Can COVID Cause Dysphagia? Symptoms and Recovery

The COVID-19 pandemic introduced a range of persistent health issues that extend beyond the initial acute infection, commonly grouped under the term “long COVID.” Among these lasting effects is a recognized relationship between the SARS-CoV-2 virus and swallowing difficulties. This condition, known medically as dysphagia, involves problems with the muscles and nerves that coordinate the process of moving food or liquid from the mouth to the stomach. Understanding this post-viral complication is important for those recovering from the infection.

Defining Dysphagia and the Confirmed Link

Dysphagia is a medical term for difficulty in swallowing, which can occur in the throat (oropharyngeal dysphagia) or the esophagus (esophageal dysphagia). Oropharyngeal dysphagia, which affects the initial stages of swallowing, is the type most commonly associated with COVID-19 recovery. This difficulty arises when the complex coordination of over 50 pairs of muscles and several cranial nerves is disrupted. This link is not limited to the most severe cases; a high percentage of patients who did not require intubation have also experienced oropharyngeal dysphagia. Recognizing this condition is important because it can increase the risk of aspiration, where food or liquid enters the lungs, potentially causing pneumonia, dehydration, and malnutrition.

The Mechanisms of Swallowing Difficulty

The reason COVID-19 can lead to dysphagia is often multifactorial, involving a combination of direct viral effects and consequences of severe illness. These mechanisms include damage to the nervous system, generalized muscle weakness, and side effects from necessary medical procedures.

Neurological Impact

The SARS-CoV-2 virus has neurotropic potential, meaning it can affect the central or peripheral nervous system. Direct viral invasion or the inflammatory response it triggers can damage the cranial nerves responsible for coordinating the muscles of the throat and tongue, such as the vagus nerve. This neurological damage can manifest as reduced sensation in the throat or impaired motor control, resulting in discoordination of the swallowing reflex.
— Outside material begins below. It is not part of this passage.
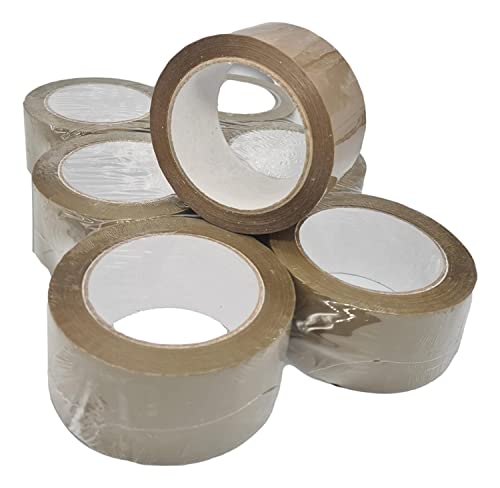 IDMENAGE - Lot de 6 rouleaux de ruban adhésif Marron - 66m x 48mm Cover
Myopathy and Muscle Weakness

Severe illness, prolonged bed rest, and the body’s systemic inflammatory response can lead to generalized muscle wasting, a condition called sarcopenia. The “cytokine storm” associated with severe COVID-19 contributes to a loss of muscle mass and weakness, affecting the entire body. This acute sarcopenia affects the muscles used for swallowing, leading to “sarcopenic dysphagia.” Even patients with less severe COVID-19 who experienced decreased activity can develop muscle loss that contributes to swallowing difficulties.

Iatrogenic/Critical Care Factors

For patients with severe respiratory illness, medical interventions designed to save their lives can inadvertently contribute to dysphagia. Prolonged endotracheal intubation, which involves placing a tube down the throat to assist breathing, is a recognized risk factor. The tube can cause mechanical trauma, such as pressure necrosis, scarring, or inflammation in the larynx and vocal cords. This direct injury impairs the normal protective closure of the airway during swallowing.

Recognizing the Symptoms

Identifying dysphagia relies on observing changes in eating and drinking habits or physical signs during a meal. Common symptoms include:

  • Coughing or choking while eating or drinking, which indicates material may be entering the airway.
  • An unexplained sensation of food or liquid getting “stuck” in the throat or chest.
  • A change in voice quality immediately after swallowing; a wet or gurgly sound suggests residue is pooling around the vocal cords.
  • Breathlessness when eating, indicating incoordination between breathing and swallowing.
  • Difficulty chewing, drooling, or avoiding certain food textures, which can eventually lead to unexplained weight loss.

Management and Recovery Pathways

The management of COVID-19-related dysphagia involves a comprehensive approach guided by a Speech-Language Pathologist (SLP). The primary goal is to ensure safe and adequate nutrition while working to restore normal swallowing function.

The SLP may recommend temporary dietary modifications to reduce the risk of aspiration while therapy is underway. These modifications often include changing the texture of foods to make them easier to swallow, such as switching to pureed or soft diets. Liquids may need to be thickened to slow their flow, giving the swallowing reflex more time to engage and protect the airway.

Rehabilitation is a central component of recovery. Swallowing rehabilitation involves specific exercises designed to strengthen weak muscles and improve coordination. Techniques may include maneuvers like the effortful swallow or the Mendelsohn maneuver, which help increase muscle activity and prolong airway closure. In cases where the risk of aspiration is too high, alternative feeding methods, such as a temporary nasogastric tube, may be necessary.

The prognosis for recovery is favorable, especially with early intervention and consistent therapy. Most patients who were critically ill show significant improvement and regain normal swallowing function. However, the recovery timeline can vary considerably, lasting from a few weeks to several months, depending on the severity of the initial damage and underlying health conditions.